**DATASET**

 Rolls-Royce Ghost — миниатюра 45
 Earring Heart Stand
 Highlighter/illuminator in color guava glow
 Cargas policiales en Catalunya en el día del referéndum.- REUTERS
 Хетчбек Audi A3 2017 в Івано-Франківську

**ASSIGNED TASK**
The full set of entries above needs to be restated word for word.

**FINISHED TASK**
 Rolls-Royce Ghost — миниатюра 45
 Earring Heart Stand
 Highlighter/illuminator in color guava glow
 Cargas policiales en Catalunya en el día del referéndum.- REUTERS
 Хетчбек Audi A3 2017 в Івано-Франківську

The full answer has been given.